*Task goal*
Exact reproduction of all the data is required, with pictures excluded.

*Data block*
++++++
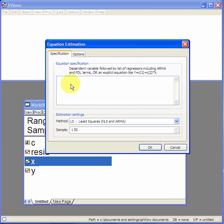you type the name of the dependent variable which is y, space, c which is the reserved letter for the intercept, space and the name of the explanatory variable which is x.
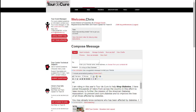Once you've selected your message, you can save it as a draft, preview it, or send it. All messages you send will include a link back to your personal fundraising page so that recipients can visit and donate to your page. You can also save a completed message as a template if you'd like to use that message again in the future.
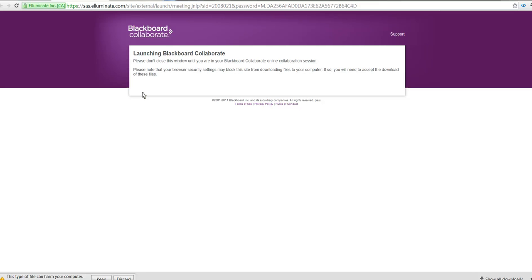you will need to accept the download of these files. Now if you noticed, while I'm reading this, something else was moving on my screen. It downloaded over here. And I see down in the corner here,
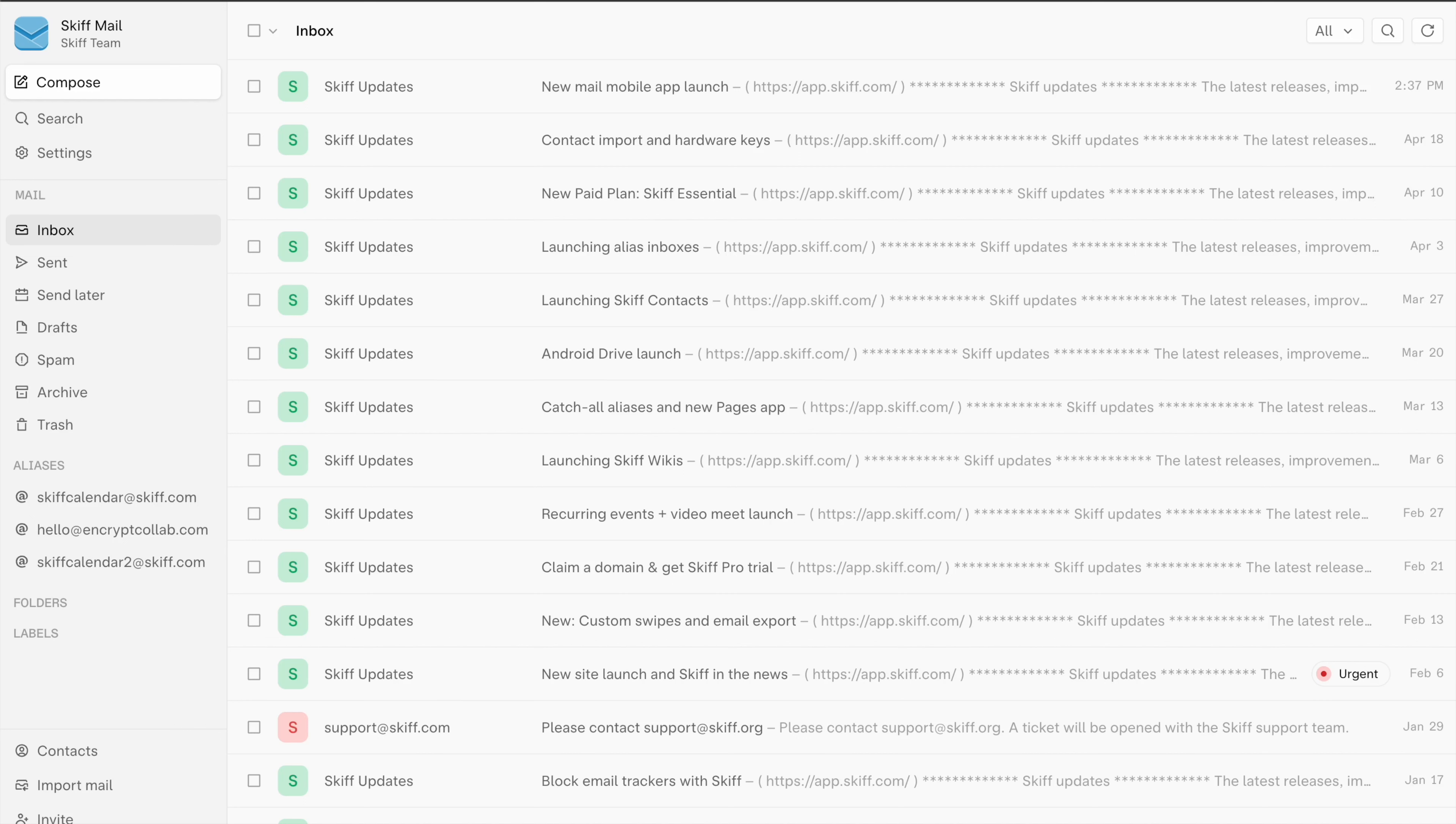Hi everyone, I'm Andrew and I'm the CEO of SCIF, a privacy-first end-to-end encrypted email provider with mail, calendar, pages, and drive products.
++++++
*Exercise output*
you type the name of the dependent variable which is y, space, c which is the reserved letter for the intercept, space and the name of the explanatory variable which is x.
Once you've selected your message, you can save it as a draft, preview it, or send it. All messages you send will include a link back to your personal fundraising page so that recipients can visit and donate to your page. You can also save a completed message as a template if you'd like to use that message again in the future.
you will need to accept the download of these files. Now if you noticed, while I'm reading this, something else was moving on my screen. It downloaded over here. And I see down in the corner here,
Hi everyone, I'm Andrew and I'm the CEO of SCIF, a privacy-first end-to-end encrypted email provider with mail, calendar, pages, and drive products.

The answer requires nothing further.